The estate is around 15 hectares in size and sits on a north facing escarpment. 

The wine

This Pinot had great aromas and lovely intense, concentrated flavours of cherry and blackberry with a hint of spice, earthy notes on the palate. Fine tannins, and a long juicy finish. Very enjoyable balance of fruit, acidity and tannin from this bio wine with powerful flavours. 

Château Haut-Marbuzet 2010, Saint-Estèphe, Bordeaux

Drunk@home December 2015

The winery

Château Haut-Marbuzet is a Bordeaux wine estate in the Saint-Estèphe appellation area of the Haut-Médoc. 

It was founded in the 18th century, taking its name from Marbuzet, the area where the property resides and  established by Alexander de Segur, who owned several Bordeaux wine properties including another, much better known St. Estephe vineyard, Calon Segur. At his death, the land was divided and sold and in 1825, the land was purchased by the MacCarthy family, who officially established the modern estate as it is known today.

In 1952 after Hervé Duboscq acquired Château Haut-Marbuzet, the focus and reputation of quality increased and his son Henri is now the current owner of the estate.  The Duboscq family also owns two other Bordeaux estates in the St. Estephe, appellation, Chateau Chambert Marbuzet and Tour de Marbuzet.

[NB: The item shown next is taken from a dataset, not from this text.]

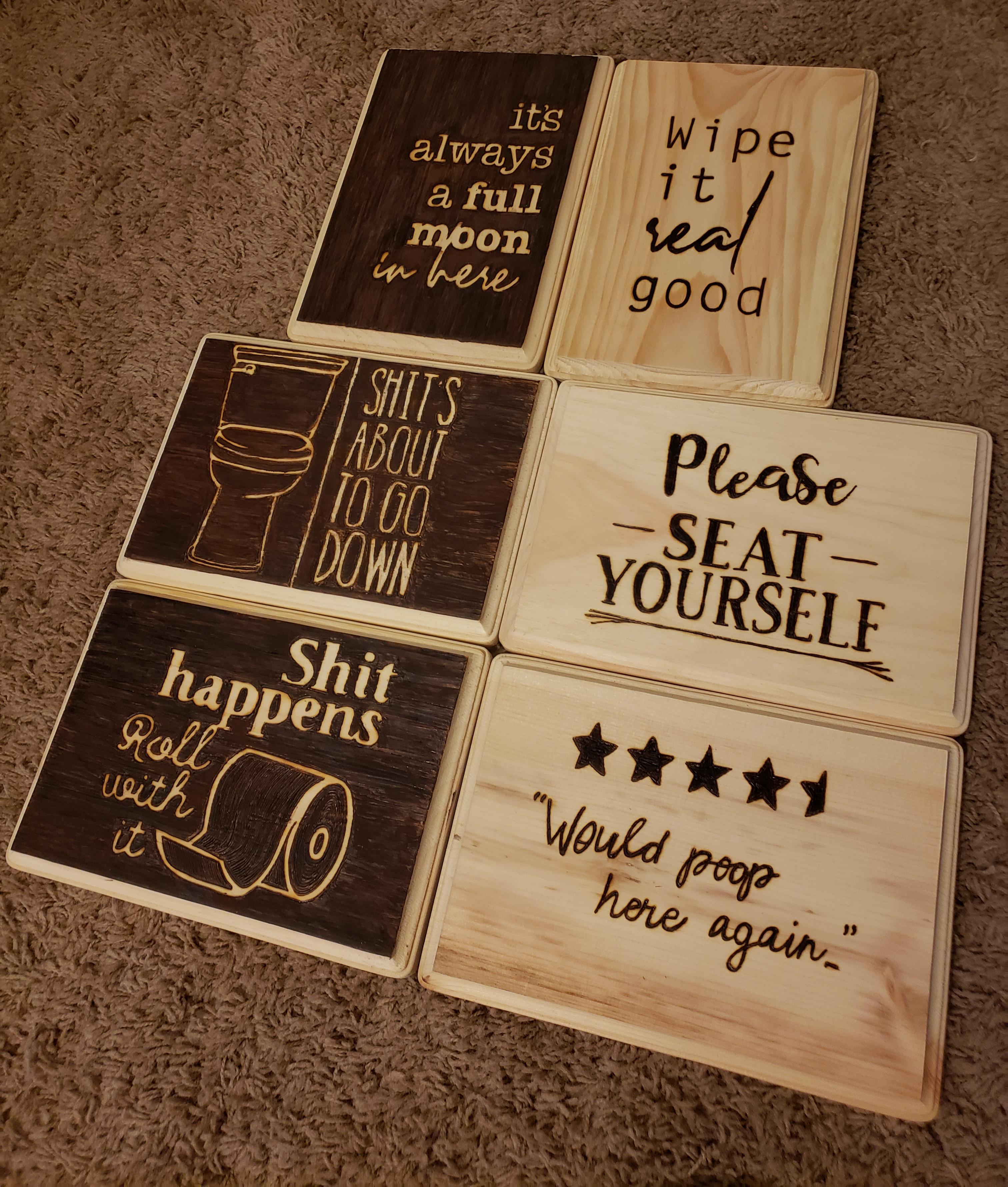 Silly Bathroom Signs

Initially listed among the Cru Bourgeois in 1932, and later promoted to Grand Bourgeois Exceptionnel in 1978, the estate was classified as one of 9 Crus Bourgeois Exceptionnels in the 2003 official listing.  

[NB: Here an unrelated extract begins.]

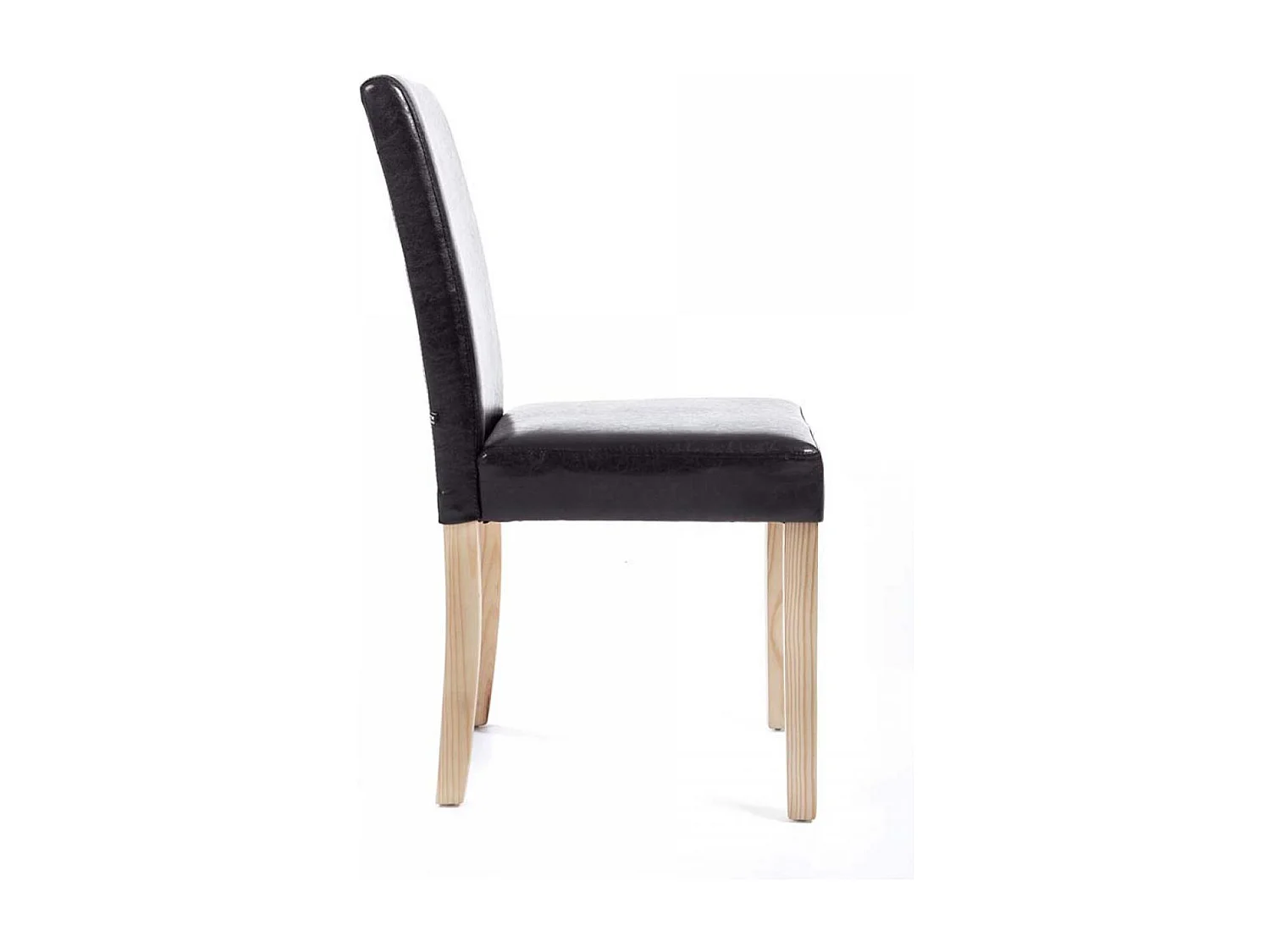 chaise salle à manger - Similicuir & Nature - Marron - Ina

Located between châteaux Cos d'Estournel and Montrose, the vineyard covers 65 hectares and is planted with 50% Cabernet Sauvignon, 40% Merlot, and 10% Cabernet Franc. Overlooking the Gironde estuary, it is mainly located on the gravel ridge of Marbuzet and the plateau of Long Treytin with gravel, clay and limestone soils. On average, the vines are close to 30 years of age. 

On average, the estate produces about 30,000 cases of Haut Marbuzet per year. There is a second wine, MacCarthy. A second wine is produced from the vines under 12 years old, under the label Château MacCarthy, which bears the name of the Irish Jacobite family who created the vineyard.

The wine

This 2010 Château Haut-Marbuzet had a powerful blackcurrant nose which continued on the palate with a fruity dark fruit style. Quite high acidity and not the smoothest of finishes meant that a 35 euro price seems excessive. Despite this being a top vintage, pleasant enough but not outstanding.